Grosse menace sur le franc Cfa. La tension entre la Cedeao et l’Alliance des Etats du Sahel pourrait occasionner une nouvelle dévaluation du FCfa, si jamais la monnaie perd de sa force à cause de cette brouille. «La sortie des pays de l’Aes de la Cedeao peut entraîner une dévaluation du franc Cfa. Parce que si ces Etats sortent avec 30 % du Pib en ce qui concerne l’Uemoa, c’est une dévaluation automatique», affirme l’économiste, Magaye Gaye, joint hier au téléphone.
Un point de vue qui n’est pas partagé par l’économiste Meïssa Babou. Il affirme que la sortie des pays de l’Aes de l’Uemoa n’aura pas un impact aussi négatif sur le FCfa. Parce qu’ils ne sont pas les pays les plus forts. Selon lui, la Côte d’Ivoire et le Sénégal sont les locomotives de la monnaie dite Cfa. «On pourra constater peut-être, au niveau de la centralisation des devises de la banque centrale, une baisse mais qui ne sera pas aussi négative. D’autant que ces pays sont beaucoup plus importateurs», dit-il. D’après lui, ils ont plus besoin de devises par rapport aux autres pays comme le Sénégal et la Côte d’Ivoire qui, certes importent mais qui ont des économies beaucoup plus dynamiques. «Ils pourraient, par le jeu de la compensation, couvrir en devises certaines de leurs actions», souligne Meïssa Babou. L’économiste affirme que si ces pays quittent l’Uemoa, ils auront comme première devise le Cfa. Parce qu’ils sont entourés de pays qui utilisent cette monnaie, à l’image de la Gambie ou de la Mauritanie où le Cfa est roi. D’après lui, le Cfa pourra être encore plus fort.
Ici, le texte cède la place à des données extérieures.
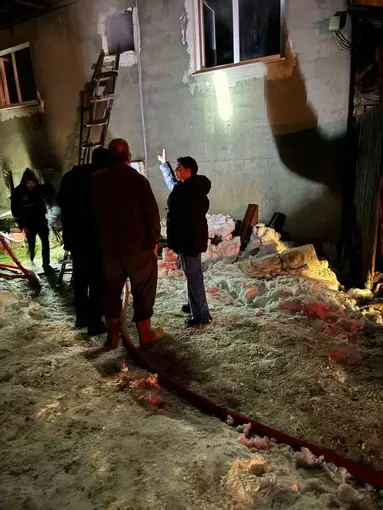 Kastamonu’da alevlere teslim olan ev kullanılamaz hale geldi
Visa à l’égard des pays de l’Aes, gros risque pour la Cedeao
A l’occasion du 65e Sommet ordinaire des chefs d’Etat et de gouvernement de la Cedeao, qui s’est tenu dans la capitale nigériane, Abuja, la question d’imposition du visa a été agitée. Ancien cadre de la Boad et du Fonds africain de garantie et de coopération économique (Fagace), Magaye Gaye prévient que l’imposition de visa à l’égard des pays de l’Aes risque d’être une perte pour la Cedeao. «S’il y a une réciprocité, c’est la Cedeao qui perd globalement. Cela veut dire que seuls les 17 % des 450 millions de la Cedeao vont demander le visa, payer les frais. Les 83 % vont en perdre en termes de frais de visa», prévient-il.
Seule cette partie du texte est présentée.